Architecture

This section describes how the DataFlow Operator works: its role in Kubernetes, the reconciliation model, and the runtime data flow inside each processor.

Overview

The DataFlow Operator provides declarative management of data pipelines via Kubernetes Custom Resources. You define a pipeline with a source, optional transformations, and a sink; the operator ensures a processor workload runs in the cluster.

Two CRDs orchestrate pipelines differently:

CRD	Workload	Doc
DataFlow	Long-lived Deployment	DataFlow
DataFlowCron	CronJob + Jobs per tick	DataFlowCron

See Workload Types for when to use each.

High-level flow for DataFlow:

You create or update a DataFlow (e.g. with kubectl apply).
The operator creates or updates a ConfigMap (resolved spec) and a Deployment (processor pod).
Each processor pod runs the pipeline: read → transform → write.

Data Flow Pipeline (Conceptual)

The data flow in each processor follows a linear pipeline: Source → Transformations → Sink. Optionally, failed writes go to an Error Sink.

flowchart LR
  subgraph Input[" "]
    Source["Source\n(Kafka / PostgreSQL / Trino / ClickHouse / Nessie)"]
  end

  subgraph Transform[" "]
    T1["Transform 1"]
    T2["Transform 2"]
    TN["Transform N"]
    T1 --> T2 --> TN
  end

  subgraph Output[" "]
    MainSink["Main Sink"]
    ErrSink["Error Sink\n(optional)"]
  end

  Source -->|"read"| T1
  TN -->|"write"| MainSink
  TN -.->|"on failure"| ErrSink

Transformations are applied in order: timestamp, flatten, filter, mask, router, select, remove, snakeCase, camelCase. Each message passes through the chain before being written to the sink.

Kubernetes Architecture

Custom Resources

API group: dataflow.dataflow.io
DataFlow (dataflows) — continuous processor via Deployment. Details: DataFlow Spec, Lifecycle.
DataFlowCron (dataflowcrons) — scheduled runs via CronJob, optional triggers. Details: DataFlowCron Spec.

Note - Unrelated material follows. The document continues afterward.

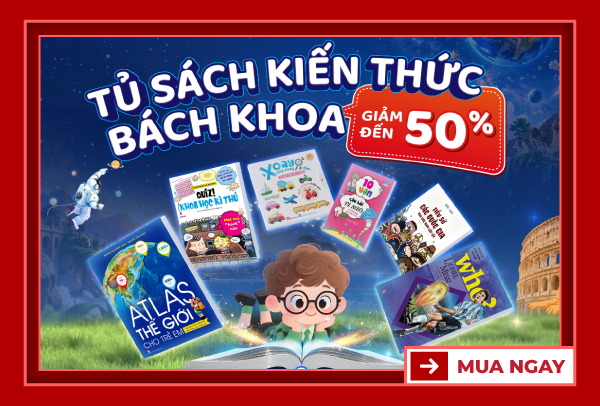 homepage_t10_bachkhoa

Secrets are referenced via SecretRef in the spec; the operator resolves them before writing the spec into the ConfigMap.

Operator Deployment

The operator runs as a Deployment in the cluster (e.g. installed via Helm). It uses controller-runtime with DataFlowReconciler and DataFlowCronReconciler. Leader election (ID dataflow-operator.dataflow.io) ensures only one active leader reconciles when multiple operator replicas run.

Controllers

DataFlowReconciler:

Watches: DataFlow (primary), owns Deployment and ConfigMap.
Optionally watches the operator Deployment to roll processor images on operator upgrade.

DataFlowCronReconciler:

Watches: DataFlowCron, manages CronJob, spec ConfigMap, processor Jobs, and trigger Jobs.

Reconciliation details: DataFlow Lifecycle, DataFlowCron Spec.

RBAC

The operator ClusterRole allows read/write on CRDs and status, secret resolution, and create/update/delete of ConfigMaps, Deployments, CronJobs, Jobs, and processor RBAC. See Helm templates for exact rules.

Optional: GUI

The Helm chart can deploy an optional GUI (separate Deployment, Service, Ingress) for viewing and managing data flows.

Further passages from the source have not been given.